Говорят, отчаянным везет в бою. Когда-то я не верил в это. Но после того боя мой скептицизм был сильно поколеблен. Вновь назначенный комбат поступал вопреки всем правилам и даже математическим расчетам. Он вдруг бросился на своем танке к месту предполагаемой переправы и стал в упор расстреливать гитлеровцев. Два их танка сразу зачадили, остальные, не задерживаясь, повернули вспять.
С трудом добрался я спустя некоторое время до танка Лордкипанидзе, постучал по броне.

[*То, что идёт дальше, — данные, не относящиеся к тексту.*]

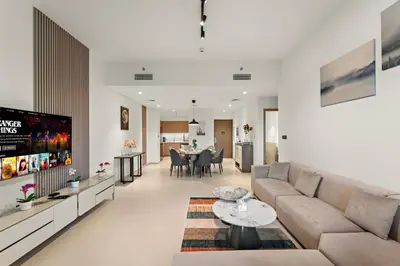 Gallery image of Luxe 4BR with Burj View l Pool & Gym in Dubai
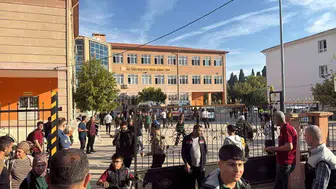 Turgutlu'daki okulda silah sesleri paniğe neden oldu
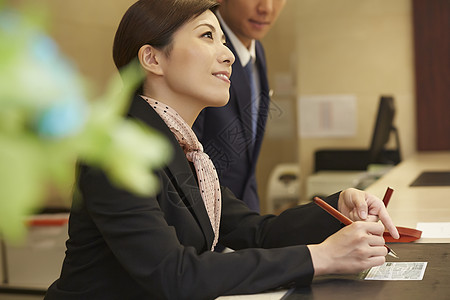 男人和女人双人人物在酒店接待处工作的女人图片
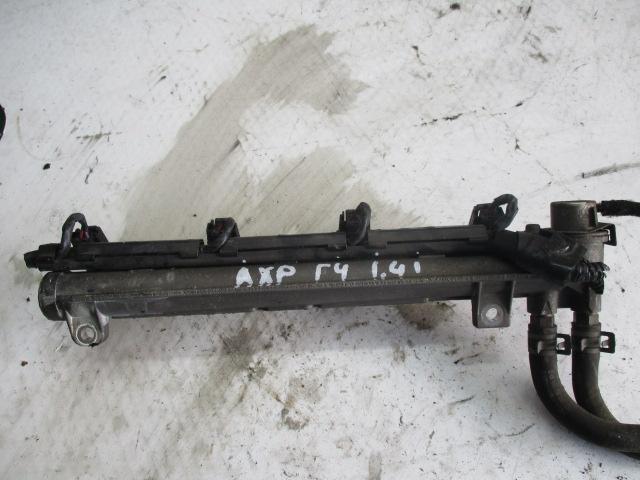 форсунка Volkswagen Golf 3 поколение 1999, 1.4 л., бензин, 036031C - фото №1
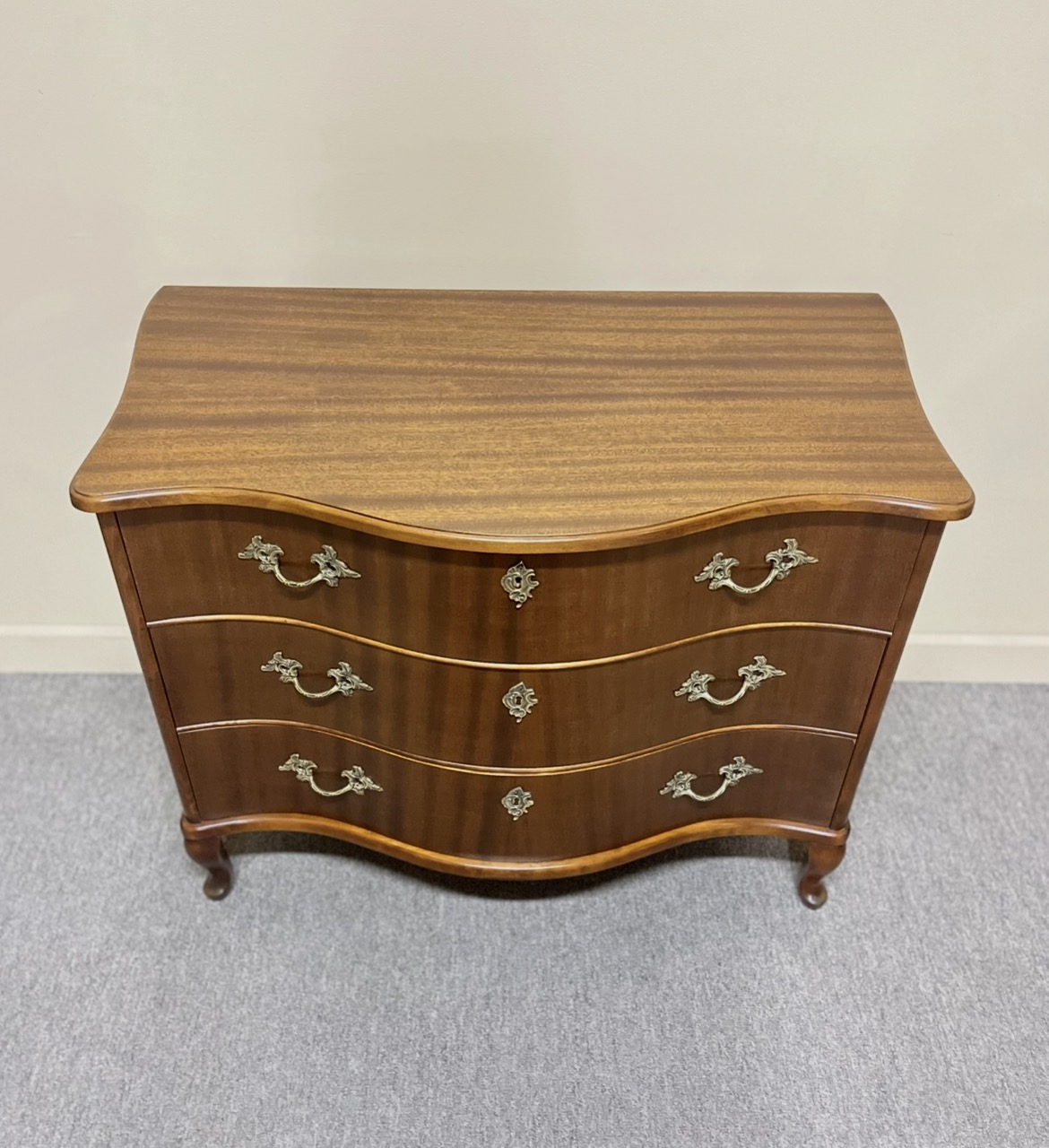 Small Vintage Mahogany Commode Small Vintage Mahogany Commode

Из открытого люка высунулась голова капитана.
- Удержишься?
- Конечно удержимся, товарищ комбриг! - уверенно ответил он, и глаза его заблестели по-озорному.
Да, батальон тогда удержался, а капитана Лордкипанидзе не стало...
Не пришли с нами на Красную площадь и командиры батальонов Стальненко, Коротков, Савченков, сложившие головы в Польше.. Не дожили до Дня Победы замполиты Немченко и Маланушенко, похороненные в самом Берлине. И еще много-много таких, как они...
Приняв рапорт начальника гарнизона, величественно застыл на коне командующий парадом Маршал Советского Союза К. К. Рокоссовский: он ожидал выезда принимавшего парад Маршала Советского Союза Г. К. Жукова.
Сознание не поспевало за событиями, а так хотелось все осмыслить, охватить взором, сохранить в памяти навсегда! По площади сновали многочисленные фоторепортеры и кинооператоры. Я с надеждой глядел на них: вот кто сумеет запечатлеть и сохранить все на века!
Над колоннами нашего сводного полка гордо развевалось Боевое Знамя, овеянное ветрами многих европейских стран. Его крепко держал бесстрашный сокол, трижды Герой Советского Союза Александр Иванович Покрышкин. А рядом с ним стояли ассистенты, одним из которых был солдат 55-й гвардейской танковой бригады, простой советский парень Клим Мокров.
Возглавлял сводный полк командующий 1-м Украинским фронтом Иван Степанович Конев. Его лицо было строгим и торжественным. Прославленный полководец был взволнован в тот день, пожалуй, не меньше, чем перед самой сложной боевой операцией. Плечом к плечу с ним шагали его соратники: командармы Рыбалко, Жадов, Лелюшенко, Курочкин, Красовский, Коровников, Коротеев, Гордов, Гусев, Пухов.
В завершение торжественного марша воины-победители под барабанный бой бросили к подножию Мавзолея двести захваченных в боях знамен разгромленной немецко-фашистской армии.
Вечером я снова пришел на Красную площадь. У подножия Мавзолея еще валялись фашистские знамена. Их брезгливо рассматривали москвичи.
Столица нашей Родины ликовала. То тут, то там качали солдат и офицеров, и тогда мелодично звенели их боевые награды. Качали в тот вечер и меня.
На всю жизнь запомнился мне салют из тысячи орудий, осветивший московское небо...
Вечер я провел в дружной, веселой и совсем незнакомой компании, в которой меня приняли, как родного. А через несколько дней железнодорожный эшелон мчал нас, участников Парада Победы, на запад, в наши полки, бригады, дивизии.
Мы ехали, чтобы встать на вахту мира.
* * *
Жизнь моя и по сей день связана с Советской Армией. За эти долгие годы мне довелось командовать танковой дивизией, затем быть первым заместителем командующего войсками Закавказского военного округа. А в 1969 году меня назначили начальником курсов "Выстрел"{6}.